BANGKOK (Reuters) - A Thai editor faces possible criminal charges for sharing a student’s “disrespectful” picture of historic kings wearing face masks to highlight air pollution in the northern city of Chiang Mai.
The governor of Chiang Mai told Reuters on Sunday that he believed Pim Kemasingki, editor of the Chiang Mai Citylife magazine, had breached the Computer Crime Act by sharing the picture.
“It is up to the police to gather evidence,” Pawin Chamniprasart said.
In a letter to police, he wrote that the kings are worshipped and respected in Chiang Mai and “using the picture with the three kings wearing masks is disrespectful.”

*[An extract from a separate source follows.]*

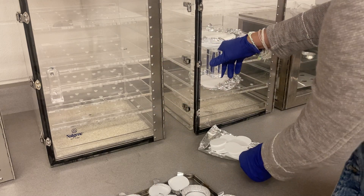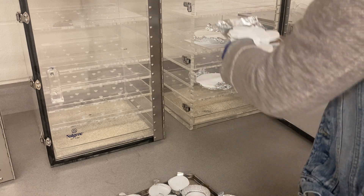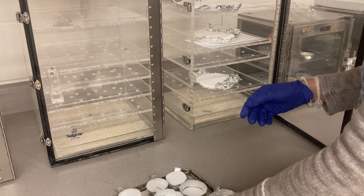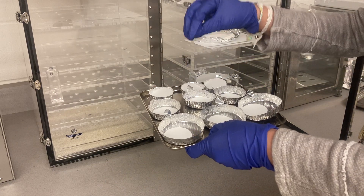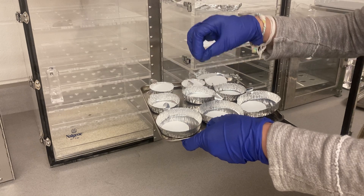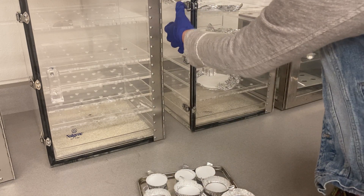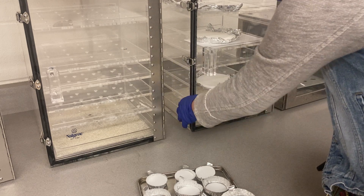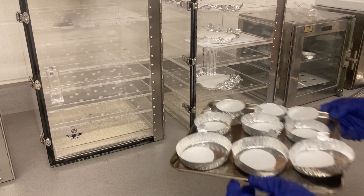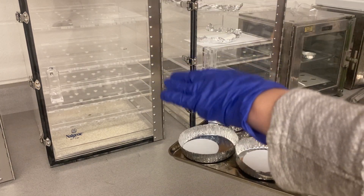We have to let everything cool down before we weigh. If we weigh something when it's still hot, the temperature of the air will cause it to expand. You will have less air pressure, and when you have less air pressure you're going to get a weight that is less than usual, because the air that's supposed to press on top of the sample becomes less.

Thailand’s cyber crime law, which criminalizes defamation and obscenity, has been widely critisized by international rights groups for curtailing freedom of expression.
Pim, a Thai-British national, said the image of the three statues wearing masks had been shared on a Facebook page publicising a “Right to Breathe” anti-air pollution rally that had later been cancelled at the request of the governor.
“I shared this picture thinking it was pertinent and powerful,” Pim told Reuters.
“For decades I’ve been promoting the city and loving it... so it’s quite unsettling that fighting for healthy air for my fellow citizens has turned into me besmerching the city.”
Recently, Thailand has suffered from some of its worst air pollution in years.
Achariya Ruangrattanapong, a lawyer for Pim, said he was confident that sharing the picture was not a violation of the cyber crime law.
“How can this be a computer crime if it involves a picture that a child drew?” he said.
Pawin said he was not seeking charges of royal insult against Pim. Under Thailand’s strict lese majeste law, those found guilty of insulting the monarchy face up to 15 years in prison.